» **DESCRIPTION OF THE TASK**
The range starts at the line containing "thumbnail of Albero" and ends at the last line of the records below. Reproduce those lines exactly.

*** Begin section ***

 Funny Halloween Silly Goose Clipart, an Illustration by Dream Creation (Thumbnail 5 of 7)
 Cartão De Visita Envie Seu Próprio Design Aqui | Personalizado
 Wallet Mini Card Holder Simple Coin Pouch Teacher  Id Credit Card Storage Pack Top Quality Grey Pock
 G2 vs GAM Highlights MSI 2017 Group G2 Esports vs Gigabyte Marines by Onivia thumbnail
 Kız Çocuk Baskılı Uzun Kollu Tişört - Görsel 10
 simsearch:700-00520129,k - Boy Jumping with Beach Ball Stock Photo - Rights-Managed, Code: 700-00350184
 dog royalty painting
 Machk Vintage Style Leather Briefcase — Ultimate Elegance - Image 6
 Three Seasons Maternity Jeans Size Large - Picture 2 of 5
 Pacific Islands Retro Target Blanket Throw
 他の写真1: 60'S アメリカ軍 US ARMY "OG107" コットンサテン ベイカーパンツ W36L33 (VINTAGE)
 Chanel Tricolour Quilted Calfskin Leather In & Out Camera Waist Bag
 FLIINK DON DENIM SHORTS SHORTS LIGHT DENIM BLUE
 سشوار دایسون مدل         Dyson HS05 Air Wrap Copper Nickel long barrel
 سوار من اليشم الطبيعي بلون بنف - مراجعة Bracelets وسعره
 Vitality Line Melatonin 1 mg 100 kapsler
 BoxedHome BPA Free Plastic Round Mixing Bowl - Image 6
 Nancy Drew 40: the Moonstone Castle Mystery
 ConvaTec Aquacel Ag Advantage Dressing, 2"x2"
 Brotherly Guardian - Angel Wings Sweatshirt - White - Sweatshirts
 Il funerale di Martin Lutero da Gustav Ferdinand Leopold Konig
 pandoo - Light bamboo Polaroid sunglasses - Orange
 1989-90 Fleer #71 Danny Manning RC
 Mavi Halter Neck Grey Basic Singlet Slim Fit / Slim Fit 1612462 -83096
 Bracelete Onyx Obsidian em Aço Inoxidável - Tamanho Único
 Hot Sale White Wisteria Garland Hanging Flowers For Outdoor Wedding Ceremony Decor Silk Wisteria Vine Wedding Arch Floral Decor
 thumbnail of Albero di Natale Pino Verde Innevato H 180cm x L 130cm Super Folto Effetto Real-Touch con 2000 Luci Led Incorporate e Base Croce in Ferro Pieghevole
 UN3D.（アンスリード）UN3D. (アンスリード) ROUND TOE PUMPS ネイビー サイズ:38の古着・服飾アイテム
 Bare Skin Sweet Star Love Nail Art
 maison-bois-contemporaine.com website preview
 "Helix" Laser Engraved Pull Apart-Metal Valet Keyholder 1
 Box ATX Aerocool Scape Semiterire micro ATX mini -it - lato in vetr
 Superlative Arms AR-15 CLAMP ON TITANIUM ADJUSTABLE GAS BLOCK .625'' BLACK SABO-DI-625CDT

*** End section ***

» **WRITTEN ANSWER**
 thumbnail of Albero di Natale Pino Verde Innevato H 180cm x L 130cm Super Folto Effetto Real-Touch con 2000 Luci Led Incorporate e Base Croce in Ferro Pieghevole
 UN3D.（アンスリード）UN3D. (アンスリード) ROUND TOE PUMPS ネイビー サイズ:38の古着・服飾アイテム
 Bare Skin Sweet Star Love Nail Art
 maison-bois-contemporaine.com website preview
 "Helix" Laser Engraved Pull Apart-Metal Valet Keyholder 1
 Box ATX Aerocool Scape Semiterire micro ATX mini -it - lato in vetr
 Superlative Arms AR-15 CLAMP ON TITANIUM ADJUSTABLE GAS BLOCK .625'' BLACK SABO-DI-625CDT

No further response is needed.